State-of-the-art on Analyzing Landmark Sequences for Human Behavior Understanding

Get Complete Project Material File(s) Now! »

Human landmarks

Several human-related Computer Vision problems can be approached by first detecting and tracking landmarks from visual data. A relevant example of this is given by the estimated 3D location of the joints of the skeleton in depth streams [106], and their use in action and daily activity recognition [123, 131, 59]. In this case, for each frame of the depth video a set of 3D joints are detected on some articulations of the human body forming a 3D skeleton. In Fig. 2.1, we show an example of a tracked skeleton in a depth video provided by a Kinect V2 sensor. Hence, the problem of analyzing human body motion in a depth video could be eﬃciently turned to studying the motion of the 3D skeleton along the video. More sophisticated solutions for automatic tracking of the 3D skeleton do exist, as the IR body markers used in MoCap systems, but they are expensive in cost and time. These systems provide a large number of joints with high temporal resolution and accurate estimations (see Fig. 2.1). Recently, advances in human pose estimation methods from RGB videos have also made the tracking of 2D/3D skeletons in RGB videos possible and have shown an impressive performance [113, 5, 18].
Another relevant example of human landmark tracking is represented by the face, for which several approaches have been proposed for fiducial points detection and tracking in video [8, 137, 23, 21]. These methods detect a set of 2D key points localized at relevant positions of the human face.
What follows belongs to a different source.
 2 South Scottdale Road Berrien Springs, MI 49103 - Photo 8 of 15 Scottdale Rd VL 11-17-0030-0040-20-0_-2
For instance, several methods opted for detecting landmark points around the eyes, eyebrows, nose, and mouth. Other systems, considered additional landmarks around the chin. In the left panel of Fig. 2.2, we show some examples of 2D facial landmark estimations. One can note that such estimations could lead to distortions in the analysis due to large pose variations. To overcome this problem, some works tried to estimate the 3D locations of these landmark points from only RGB videos [21, 114]. Examples of these 3D estimations are illustrated in the right panel of Fig. 2.2. It is important to note that, in addition to their impressive performance, most of these methods are real-time solutions for tracking human landmarks.

Why landmark sequences for human behavior understanding?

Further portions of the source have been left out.